## WORK ORDER:
Your answer must be an exact copy of the records below, minus any images.

Entries taken from a collection
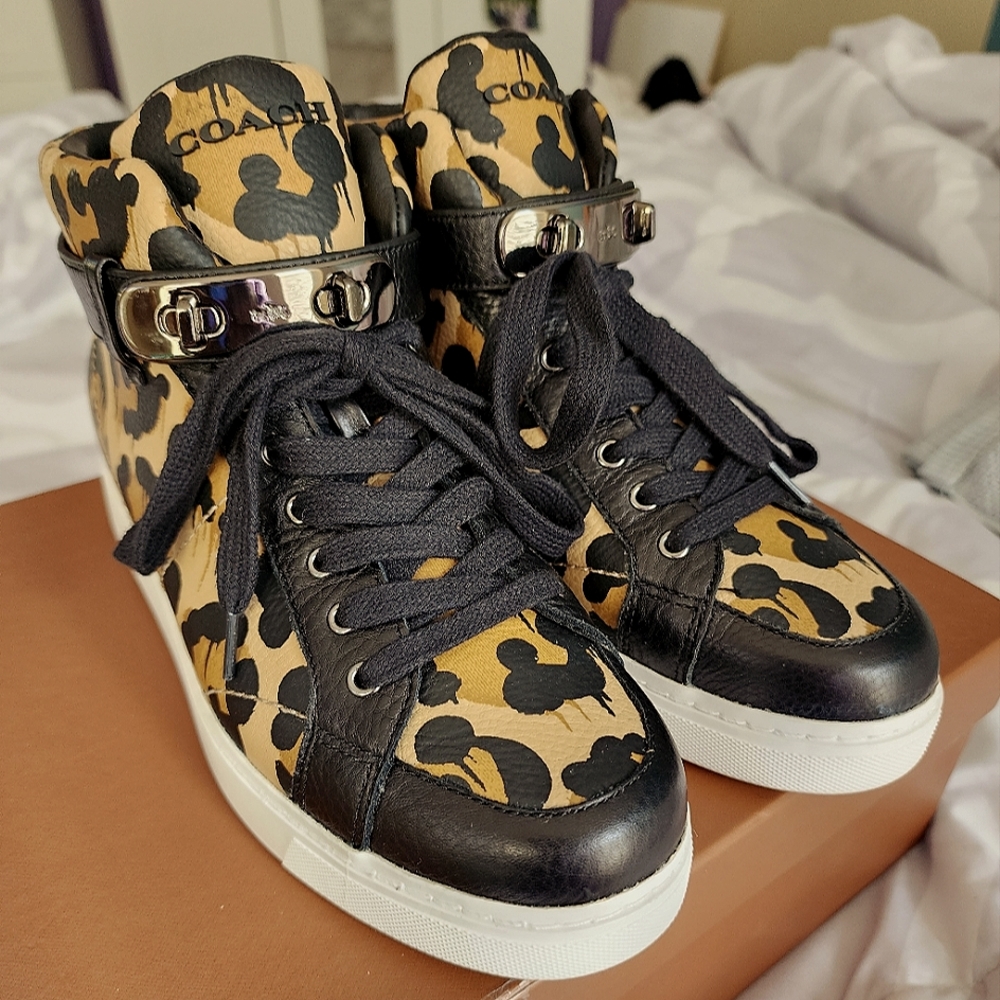 COACH - Wild Beast Richmond Hi Top Leather Sneakers.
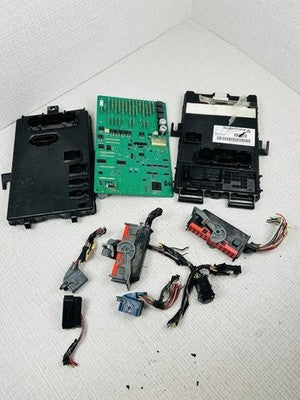 Ford Mustang Interior Fuse Box BCM Power Module 2005 OEM 5R3T-14B476-BD-B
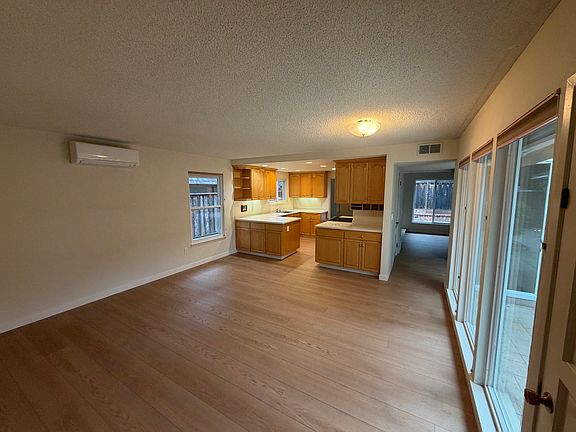 4th image of 240 Marin Oaks Dr #240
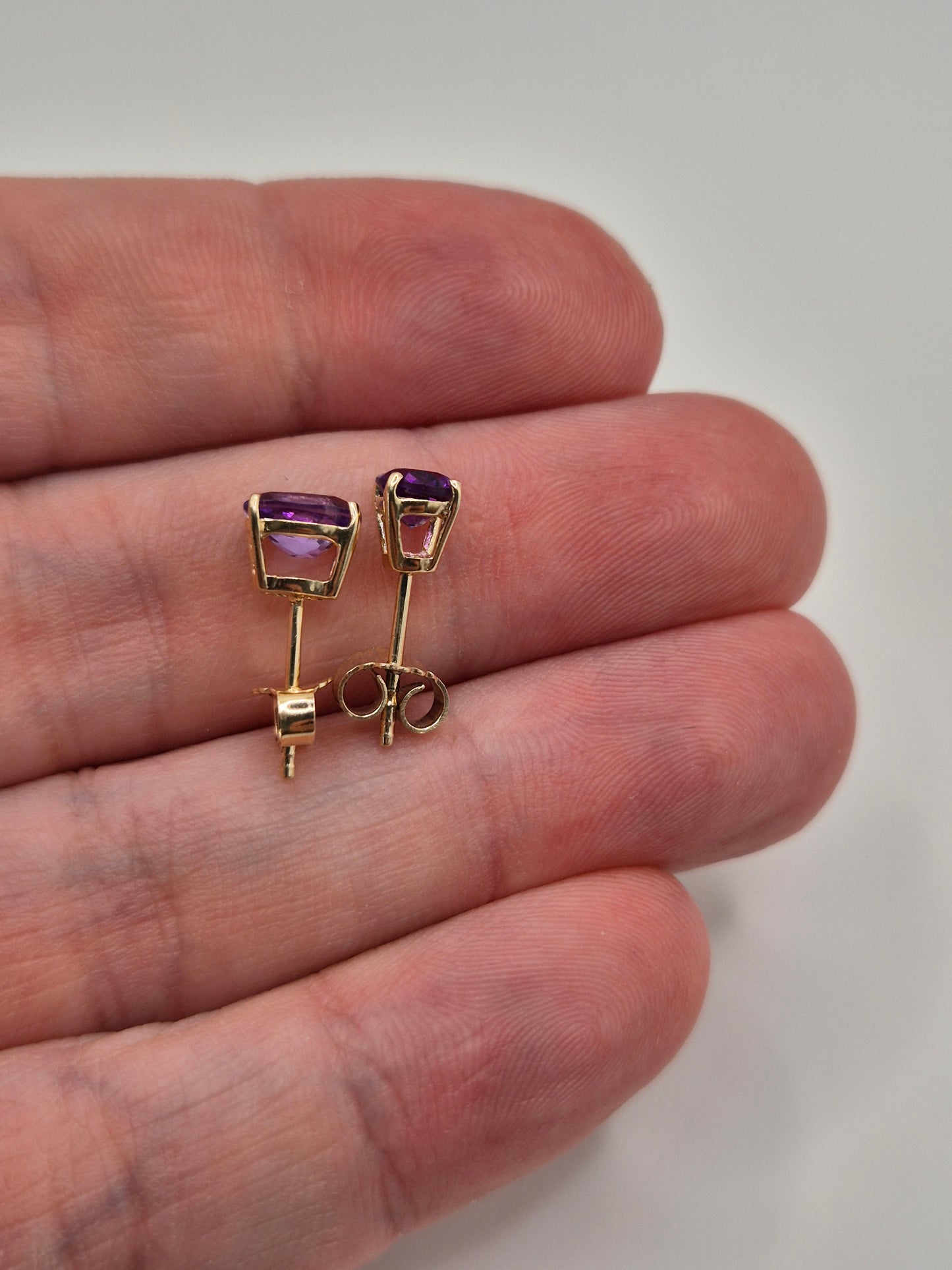9ct gold amethyst earrings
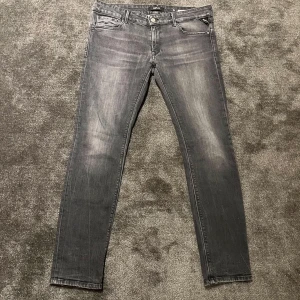 Grå jeans från Replay - Snygga grå jeans från Replay med en modern slim fit passform. De har en klassisk femficksdesign och en diskret Replay-logga på bakfickan. Perfekta för en stilren look.     Modellen är 167. hör av dig vid minsta lilla fundering😉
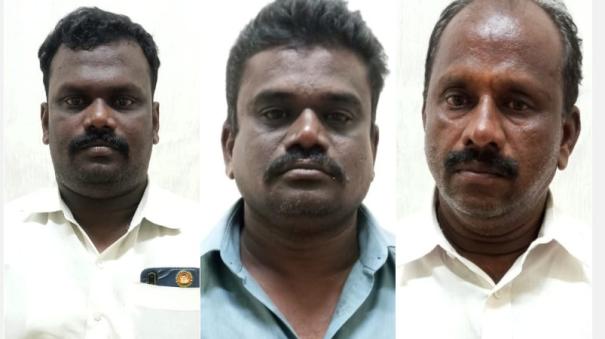 Fraud of Rs 10 lakh from firecracker dealer by pretending to be income tax officer: 4 arrested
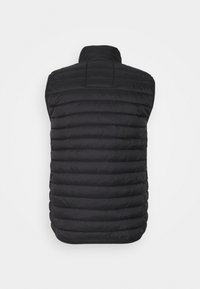 Svart puffy väst med vertikal quiltad design, hög krage och utan ärmar. Slät textur med en elegant, kroppsnära passform.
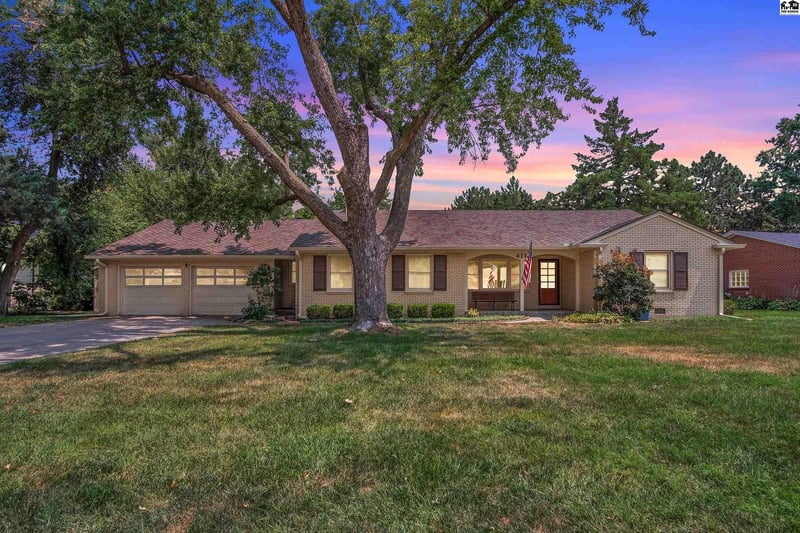 411 Hartup St, Mcpherson, KS 67460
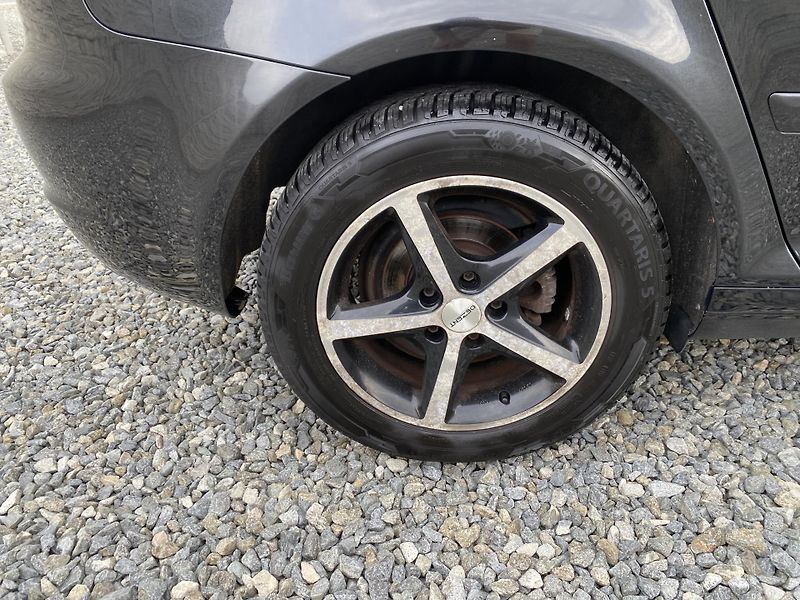 Audi A3 1.6TDi 105PS S-TRON 150TKM CZ! - fotka 51 z 150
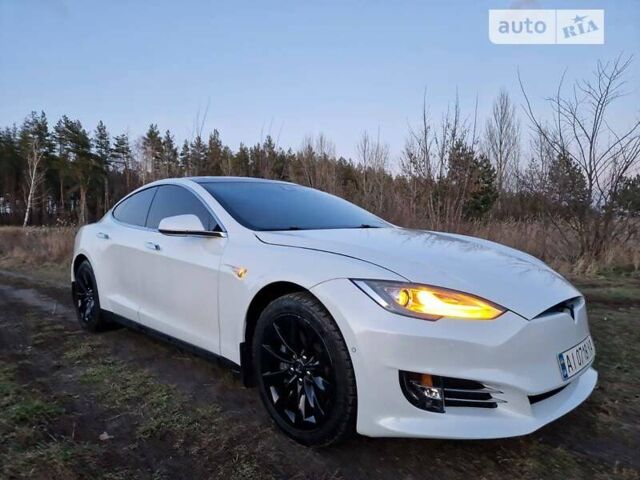 Белый Тесла Модель С, объемом двигателя 0 л и пробегом 196 тыс. км за 16600 $, фото 1 на Automoto.ua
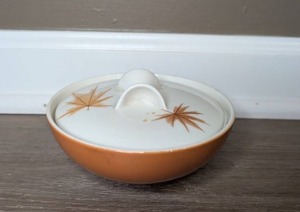 lot 1003 image: Iroquois Harvest Time Ceramic Covered Bowl&nbsp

## TASK RESPONSE:
 COACH - Wild Beast Richmond Hi Top Leather Sneakers.
 Ford Mustang Interior Fuse Box BCM Power Module 2005 OEM 5R3T-14B476-BD-B
 4th image of 240 Marin Oaks Dr #240
9ct gold amethyst earrings
 Grå jeans från Replay - Snygga grå jeans från Replay med en modern slim fit passform. De har en klassisk femficksdesign och en diskret Replay-logga på bakfickan. Perfekta för en stilren look.     Modellen är 167. hör av dig vid minsta lilla fundering😉
 Fraud of Rs 10 lakh from firecracker dealer by pretending to be income tax officer: 4 arrested
 Svart puffy väst med vertikal quiltad design, hög krage och utan ärmar. Slät textur med en elegant, kroppsnära passform.
 411 Hartup St, Mcpherson, KS 67460
 Audi A3 1.6TDi 105PS S-TRON 150TKM CZ! - fotka 51 z 150
 Белый Тесла Модель С, объемом двигателя 0 л и пробегом 196 тыс. км за 16600 $, фото 1 на Automoto.ua
 lot 1003 image: Iroquois Harvest Time Ceramic Covered Bowl&nbsp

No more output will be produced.